Task to complete: Reproduce every record below, character by character.

Records for processing:
[Start of section]
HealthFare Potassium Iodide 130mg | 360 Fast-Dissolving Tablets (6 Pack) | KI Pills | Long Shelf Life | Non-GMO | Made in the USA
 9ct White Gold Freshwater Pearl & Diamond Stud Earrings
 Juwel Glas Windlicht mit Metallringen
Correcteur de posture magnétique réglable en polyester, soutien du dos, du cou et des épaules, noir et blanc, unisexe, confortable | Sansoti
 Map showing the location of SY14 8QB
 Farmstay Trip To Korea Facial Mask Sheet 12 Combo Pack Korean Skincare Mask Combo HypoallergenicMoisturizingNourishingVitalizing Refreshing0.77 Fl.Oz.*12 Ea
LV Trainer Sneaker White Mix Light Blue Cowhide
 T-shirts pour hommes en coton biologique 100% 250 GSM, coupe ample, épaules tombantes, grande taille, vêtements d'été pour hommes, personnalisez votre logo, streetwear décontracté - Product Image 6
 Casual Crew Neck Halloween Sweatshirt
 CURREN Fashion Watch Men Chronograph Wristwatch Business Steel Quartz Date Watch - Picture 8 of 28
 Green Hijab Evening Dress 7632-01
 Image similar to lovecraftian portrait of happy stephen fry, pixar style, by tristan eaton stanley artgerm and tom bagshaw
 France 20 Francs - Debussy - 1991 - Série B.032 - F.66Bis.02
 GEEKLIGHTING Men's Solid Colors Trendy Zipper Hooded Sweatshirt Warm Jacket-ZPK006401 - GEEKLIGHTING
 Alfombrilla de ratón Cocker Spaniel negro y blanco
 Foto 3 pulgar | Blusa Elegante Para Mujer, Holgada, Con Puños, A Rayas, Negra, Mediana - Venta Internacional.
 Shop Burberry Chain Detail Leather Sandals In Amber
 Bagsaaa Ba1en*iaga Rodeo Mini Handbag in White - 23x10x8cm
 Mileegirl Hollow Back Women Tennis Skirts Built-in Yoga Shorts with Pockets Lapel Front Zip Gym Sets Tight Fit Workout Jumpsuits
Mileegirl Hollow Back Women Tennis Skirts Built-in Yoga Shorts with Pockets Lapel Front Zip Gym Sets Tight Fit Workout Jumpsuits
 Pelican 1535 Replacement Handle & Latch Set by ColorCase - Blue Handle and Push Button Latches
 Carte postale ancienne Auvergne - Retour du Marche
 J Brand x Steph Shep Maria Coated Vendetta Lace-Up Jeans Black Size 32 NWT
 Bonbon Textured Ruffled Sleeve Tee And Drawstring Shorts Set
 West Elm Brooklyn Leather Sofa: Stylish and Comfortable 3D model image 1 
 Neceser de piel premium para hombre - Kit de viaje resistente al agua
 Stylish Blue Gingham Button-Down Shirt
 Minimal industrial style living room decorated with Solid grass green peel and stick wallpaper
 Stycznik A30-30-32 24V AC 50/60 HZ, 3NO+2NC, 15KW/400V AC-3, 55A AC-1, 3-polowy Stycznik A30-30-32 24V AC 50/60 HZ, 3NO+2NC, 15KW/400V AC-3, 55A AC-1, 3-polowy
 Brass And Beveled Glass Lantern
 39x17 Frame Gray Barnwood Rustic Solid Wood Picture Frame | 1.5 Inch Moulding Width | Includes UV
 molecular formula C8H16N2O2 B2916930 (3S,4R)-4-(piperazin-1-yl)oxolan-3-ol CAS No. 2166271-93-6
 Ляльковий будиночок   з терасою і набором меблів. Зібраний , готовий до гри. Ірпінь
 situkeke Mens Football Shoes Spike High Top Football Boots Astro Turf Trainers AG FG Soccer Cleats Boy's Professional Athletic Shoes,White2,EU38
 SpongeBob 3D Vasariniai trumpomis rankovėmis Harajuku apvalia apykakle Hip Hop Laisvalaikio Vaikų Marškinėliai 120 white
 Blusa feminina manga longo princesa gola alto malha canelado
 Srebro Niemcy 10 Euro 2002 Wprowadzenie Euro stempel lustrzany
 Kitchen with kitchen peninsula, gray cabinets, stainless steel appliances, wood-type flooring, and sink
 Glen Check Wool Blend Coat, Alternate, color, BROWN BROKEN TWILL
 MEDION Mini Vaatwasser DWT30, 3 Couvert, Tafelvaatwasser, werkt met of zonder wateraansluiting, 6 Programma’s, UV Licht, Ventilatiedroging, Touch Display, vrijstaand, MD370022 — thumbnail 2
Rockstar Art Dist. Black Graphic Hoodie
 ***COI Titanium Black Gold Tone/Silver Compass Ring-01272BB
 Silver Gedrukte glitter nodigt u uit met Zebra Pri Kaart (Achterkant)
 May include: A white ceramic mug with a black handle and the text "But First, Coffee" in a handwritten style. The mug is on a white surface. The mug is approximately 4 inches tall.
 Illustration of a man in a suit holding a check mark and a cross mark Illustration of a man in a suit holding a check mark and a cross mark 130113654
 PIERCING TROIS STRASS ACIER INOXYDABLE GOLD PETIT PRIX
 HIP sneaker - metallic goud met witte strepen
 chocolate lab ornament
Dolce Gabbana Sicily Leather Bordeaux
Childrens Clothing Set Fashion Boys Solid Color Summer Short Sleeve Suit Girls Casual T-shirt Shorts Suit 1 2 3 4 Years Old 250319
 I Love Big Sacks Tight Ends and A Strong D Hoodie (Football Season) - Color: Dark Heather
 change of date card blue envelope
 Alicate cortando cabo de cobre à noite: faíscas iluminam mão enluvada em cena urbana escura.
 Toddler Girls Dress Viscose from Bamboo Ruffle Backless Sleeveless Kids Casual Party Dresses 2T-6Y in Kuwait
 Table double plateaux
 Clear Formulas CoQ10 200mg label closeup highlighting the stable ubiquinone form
[End of section]
Answer:
HealthFare Potassium Iodide 130mg | 360 Fast-Dissolving Tablets (6 Pack) | KI Pills | Long Shelf Life | Non-GMO | Made in the USA
 9ct White Gold Freshwater Pearl & Diamond Stud Earrings
 Juwel Glas Windlicht mit Metallringen
Correcteur de posture magnétique réglable en polyester, soutien du dos, du cou et des épaules, noir et blanc, unisexe, confortable | Sansoti
 Map showing the location of SY14 8QB
 Farmstay Trip To Korea Facial Mask Sheet 12 Combo Pack Korean Skincare Mask Combo HypoallergenicMoisturizingNourishingVitalizing Refreshing0.77 Fl.Oz.*12 Ea
LV Trainer Sneaker White Mix Light Blue Cowhide
 T-shirts pour hommes en coton biologique 100% 250 GSM, coupe ample, épaules tombantes, grande taille, vêtements d'été pour hommes, personnalisez votre logo, streetwear décontracté - Product Image 6
 Casual Crew Neck Halloween Sweatshirt
 CURREN Fashion Watch Men Chronograph Wristwatch Business Steel Quartz Date Watch - Picture 8 of 28
 Green Hijab Evening Dress 7632-01
 Image similar to lovecraftian portrait of happy stephen fry, pixar style, by tristan eaton stanley artgerm and tom bagshaw
 France 20 Francs - Debussy - 1991 - Série B.032 - F.66Bis.02
 GEEKLIGHTING Men's Solid Colors Trendy Zipper Hooded Sweatshirt Warm Jacket-ZPK006401 - GEEKLIGHTING
 Alfombrilla de ratón Cocker Spaniel negro y blanco
 Foto 3 pulgar | Blusa Elegante Para Mujer, Holgada, Con Puños, A Rayas, Negra, Mediana - Venta Internacional.
 Shop Burberry Chain Detail Leather Sandals In Amber
 Bagsaaa Ba1en*iaga Rodeo Mini Handbag in White - 23x10x8cm
 Mileegirl Hollow Back Women Tennis Skirts Built-in Yoga Shorts with Pockets Lapel Front Zip Gym Sets Tight Fit Workout Jumpsuits
Mileegirl Hollow Back Women Tennis Skirts Built-in Yoga Shorts with Pockets Lapel Front Zip Gym Sets Tight Fit Workout Jumpsuits
 Pelican 1535 Replacement Handle & Latch Set by ColorCase - Blue Handle and Push Button Latches
 Carte postale ancienne Auvergne - Retour du Marche
 J Brand x Steph Shep Maria Coated Vendetta Lace-Up Jeans Black Size 32 NWT
 Bonbon Textured Ruffled Sleeve Tee And Drawstring Shorts Set
 West Elm Brooklyn Leather Sofa: Stylish and Comfortable 3D model image 1 
 Neceser de piel premium para hombre - Kit de viaje resistente al agua
 Stylish Blue Gingham Button-Down Shirt
 Minimal industrial style living room decorated with Solid grass green peel and stick wallpaper
 Stycznik A30-30-32 24V AC 50/60 HZ, 3NO+2NC, 15KW/400V AC-3, 55A AC-1, 3-polowy Stycznik A30-30-32 24V AC 50/60 HZ, 3NO+2NC, 15KW/400V AC-3, 55A AC-1, 3-polowy
 Brass And Beveled Glass Lantern
 39x17 Frame Gray Barnwood Rustic Solid Wood Picture Frame | 1.5 Inch Moulding Width | Includes UV
 molecular formula C8H16N2O2 B2916930 (3S,4R)-4-(piperazin-1-yl)oxolan-3-ol CAS No. 2166271-93-6
 Ляльковий будиночок   з терасою і набором меблів. Зібраний , готовий до гри. Ірпінь
 situkeke Mens Football Shoes Spike High Top Football Boots Astro Turf Trainers AG FG Soccer Cleats Boy's Professional Athletic Shoes,White2,EU38
 SpongeBob 3D Vasariniai trumpomis rankovėmis Harajuku apvalia apykakle Hip Hop Laisvalaikio Vaikų Marškinėliai 120 white
 Blusa feminina manga longo princesa gola alto malha canelado
 Srebro Niemcy 10 Euro 2002 Wprowadzenie Euro stempel lustrzany
 Kitchen with kitchen peninsula, gray cabinets, stainless steel appliances, wood-type flooring, and sink
 Glen Check Wool Blend Coat, Alternate, color, BROWN BROKEN TWILL
 MEDION Mini Vaatwasser DWT30, 3 Couvert, Tafelvaatwasser, werkt met of zonder wateraansluiting, 6 Programma’s, UV Licht, Ventilatiedroging, Touch Display, vrijstaand, MD370022 — thumbnail 2
Rockstar Art Dist. Black Graphic Hoodie
 ***COI Titanium Black Gold Tone/Silver Compass Ring-01272BB
 Silver Gedrukte glitter nodigt u uit met Zebra Pri Kaart (Achterkant)
 May include: A white ceramic mug with a black handle and the text "But First, Coffee" in a handwritten style. The mug is on a white surface. The mug is approximately 4 inches tall.
 Illustration of a man in a suit holding a check mark and a cross mark Illustration of a man in a suit holding a check mark and a cross mark 130113654
 PIERCING TROIS STRASS ACIER INOXYDABLE GOLD PETIT PRIX
 HIP sneaker - metallic goud met witte strepen
 chocolate lab ornament
Dolce Gabbana Sicily Leather Bordeaux
Childrens Clothing Set Fashion Boys Solid Color Summer Short Sleeve Suit Girls Casual T-shirt Shorts Suit 1 2 3 4 Years Old 250319
 I Love Big Sacks Tight Ends and A Strong D Hoodie (Football Season) - Color: Dark Heather
 change of date card blue envelope
 Alicate cortando cabo de cobre à noite: faíscas iluminam mão enluvada em cena urbana escura.
 Toddler Girls Dress Viscose from Bamboo Ruffle Backless Sleeveless Kids Casual Party Dresses 2T-6Y in Kuwait
 Table double plateaux
 Clear Formulas CoQ10 200mg label closeup highlighting the stable ubiquinone form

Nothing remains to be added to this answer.